Acontece que as ideias e a política, na música, não se sustentam por si só. É preciso também música, e essa transbordava por todas as espiras do vinil. Apenas um problema: entre a dezena de bons temas, um emergia com mais força que os outros. Depois dos primeiros pulsares da guitarra, umas linhas de baixo icónicas, um cowbell no ponto certo e o tema nasce.
E depois há a letra, cuspida por Zack, algures entre o punk e um qualquer ‘shout out’ directo dos anos 60, embebido no espírito de uns MC5. “Some of those that work forces / Are the same that burn crosses”, gritava de la Rocha, quando Trump e a right wing eram ainda uma miragem, e apenas a esposa do democrata Al Gore, ou os televangelistas, tentavam revelar-se perigosos. Anos mais tarde, no vídeo-clip de «Testify», Gore e Bush seriam mesmo ridicularizados pelo grupo. A letra evolui, em ritmo de motim e culmina num grito geracional:
“Fuck you, I won’t do what you tell me!”.

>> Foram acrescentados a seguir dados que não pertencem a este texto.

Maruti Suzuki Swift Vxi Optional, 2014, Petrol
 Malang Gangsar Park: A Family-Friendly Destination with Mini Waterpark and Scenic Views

A revista Q, considerou «Rage Against The Machine» como uns dos 50 discos mais pesados de todos os tempos. A Rolling Stone coloca-o na tabela dos 500 melhores discos de sempre, e um dos 100 melhores de metal. No que toca a vendas, é platina em vários países, incluindo tripla platina nos Estados Unidos e no Reino Unido. O inclassificável single, «Killing In The Name», ora era colocado no caldeirão rap metal, se calhar porque os seus autores não eram brancos, ora no do metal alternativo.
Na verdade, bastava terem escolhido classificar o tema como um dos melhores de sempre. Uma malha tão excepcional que, em 2009, subiu ao número um da tabela de vendas britânica no Natal, numa rebelião contra a música formatada do X Factor e do Simon Cowell. Claro que, pelo meio, a música foi sempre censurada – coitada da BBC, que lá teve de escutar as opiniões de Tom Morello e passar o tema.

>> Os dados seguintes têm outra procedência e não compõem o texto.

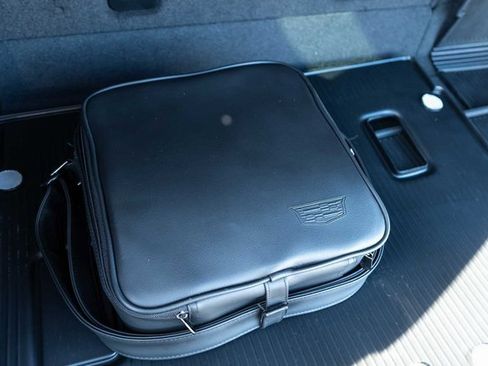 Used 2024 Cadillac Escalade V w/ LPO, ONYX Package image 11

O lado icónico do tema, levou a que outros grupos o interpretassem, mesmo que apenas ao vivo. Aliás, a performance dos próprios RAGE AGAINST THE MACHINE no Woodstock, edição de 1999, é, também ela, ultra poderosa. Curioso que outra banda eternamente ligada ao ex-festival do peace & love, os Limp Bizkit, sejam dos poucos nomes que conseguiram reinterpretar o tema de forma bem-sucedida.

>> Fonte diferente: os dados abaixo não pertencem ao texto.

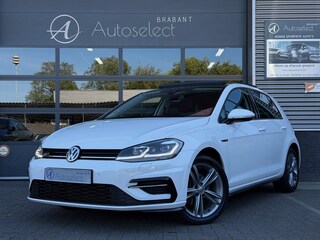 Volkswagen Golf 1.5 TSI Highline R-Line Pano Navi Camera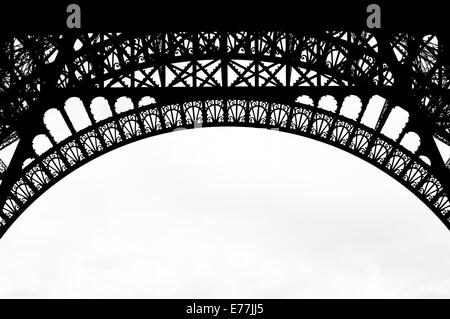 Une photo en noir et blanc du treillis/oeuvres en fer de la Tour Eiffel, Paris, France. Banque D'Images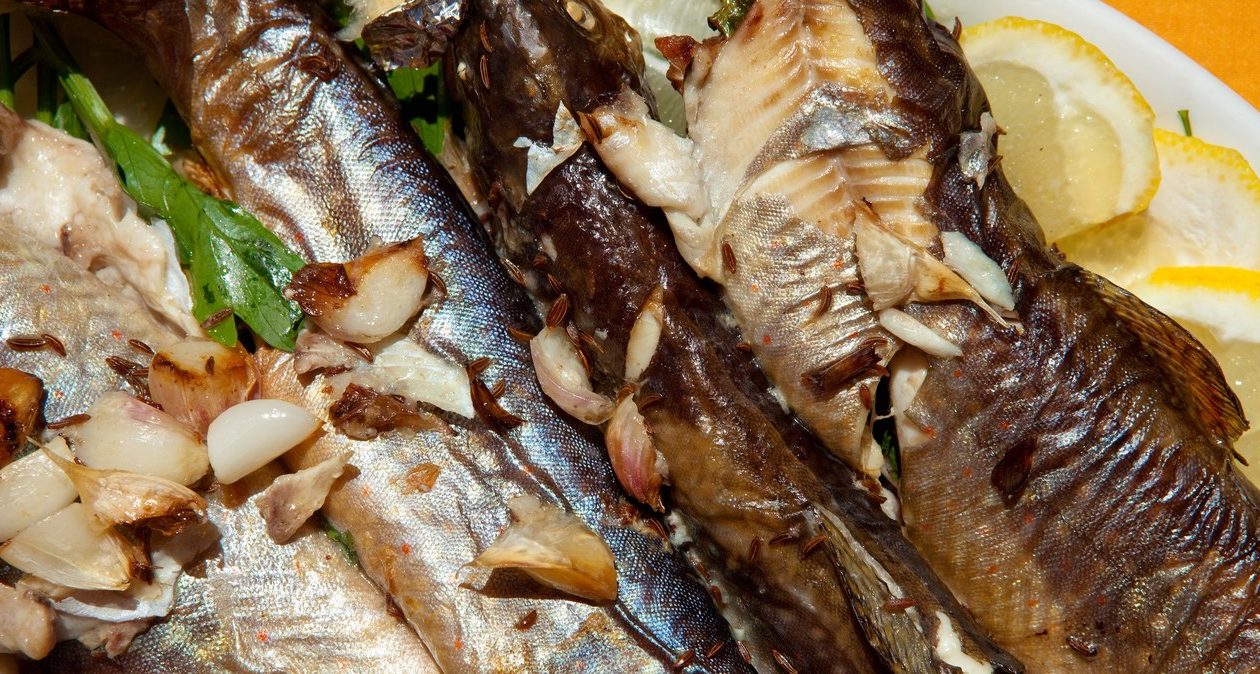 Delicitatea baltică poate fi consumată doar în mai și iunie. Acest pește are gust de pui, are oase albastre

O colapso dos RAGE AGAINST THE MACHINE, devido à cisão com Zack, levou a que os restantes elementos seguissem o seu caminho, procurando novos vocalistas, tentando recriar a raiva do original. Foi o que aconteceu, mal, com os Audioslave. Escuta-se o tema e a todo o momento se espera ouvir um “rusty cage” no lugar de “Fuck you, I won’t do what you tell me!”.
Após o flop da banda com Cornell, Morello dedicou-se então aos Prophets Of Rage – e aí já conseguiu melhores resultados para o tema. Diga-se que, ao contrário de outros clássicos, não é fácil fazer uma versão à altura do original.
Seja pela raiva contida, seja porque qualquer abordagem resulta oca de sentido político e parece até aproveitar-se do mesmo. É por isso que o tema interpretado pelos Bonded By Blood não convence ninguém, tal como acontece quando os Metal Fusion o tocam. Do assassinato a cargo de Mambo Kurt, quando menos se disser melhor… Digamos que podia mesmo ser argumento para queixa num qualquer tribunal do bom gosto.
No caso dos Blue Sky Archives até se pode perdoar a tentativa feita em «Crack In The Road – Youth Music», de 2011. Na realidade, a melhor versão, que não é!, está a cargo dos Infectious Grooves, com «Do What I Tell Ya!». Na malha de 1994, Mike Muir criticava a forma como os RAGE AGAINST THE MACHINE iam enriquecendo, graças ao mesmo sistema a que apontavam o dedo.
O eterno problema dos revolucionários de hoje, quando se convertem no sistema de amanhã. Também por isso, «Killing In The Name» é um grande tema. Foi escrito antes dos RAGE AGAINST THE MACHINE integrarem o sistema.